The predicament we encounter most often amongst buyers is a very elemental one -- the essential understanding of art, which has less to do with intellectuality and is more closely linked to the deficiency of a few simple rules of art education. In fact, it comes down to two fundamental rules, which, if more people are able to fathom, an immense hurdle in the appreciation of art would be surmounted: One is that harmony and beauty in the purely visual, sensuous and aesthetic sense are completely irrelevant to the merits of a work of art. And secondly, that perfect representation is not the goal of the artist.

That there is a severe drought of informed appreciation is actually quite understandable in a country like ours. It is said that art can be appreciated only by people who have reached the upper echelons of the Maslow hierarchy, wherein all basic needs as well as some peripheral needs have been fulfilled. Though artists and teachers who believe that art is a way of life and not an incursion into it have hotly debated this, let's assume momentarily that we are speaking to and of such persons belonging to this strata of societal and financial order. The problem all begins when we are left alone with a painting or sculpture or installation and cannot for the life of us locate the art and as a result try desperately to scramble around for clues to ease the process of discovery. It is akin to the experience of an illiterate person getting lost on the highway and getting frustrated at not being able to read the map.

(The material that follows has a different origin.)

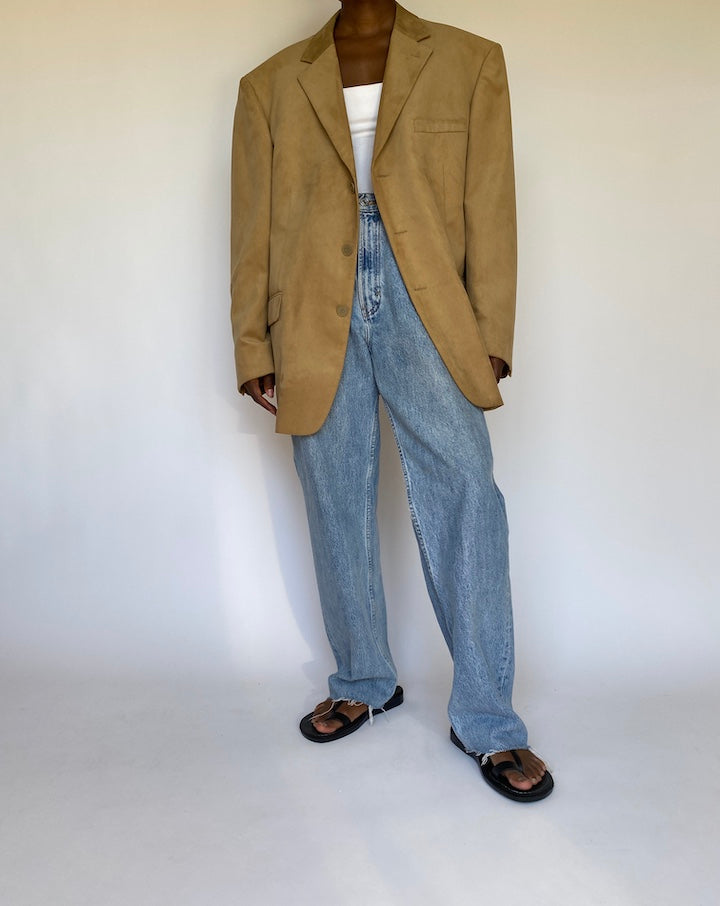 VINTAGE BEIGE SINGLE BREASTED BLAZER 3718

If art has become alienated and far removed from the humdrum of ordinary life and living, it was not always so because for early man, art had a function and a purpose other than aesthetic gratification. Primitive people used images and visual renderings of animals and celestial objects to protect them against the things they feared. An icon, was created for personal protection as well as wreaking havoc on the enemy. Over the centuries, architecture and its elements have been easily understood for its functionality, as has craft and even photography because these practices have continued to exist within the functionings of society whereas art has been marginalised by the elite as an exercise created for their pleasure and their patronage. It is mainly for this reason that art has remained an enigma and has become hermetically sealed within galleries and art spaces, providing onlookers with the strange nagging feeling that what is seen on the surface is only the tip of the iceberg and the ability to reach the depth of the concept is far beyond their grasp.

The dictum we need to propagate is that art means different things to different people but the effort should always be to look at the work from the artist's point of view. The artist is the thinker, the interpreter of life and, whenever he has been authentic, he has always been right. If Cezanne and Picasso and Caravaggio before them, were derided for their incisive and revolutionary ideas, history proved them to be the knowing ones.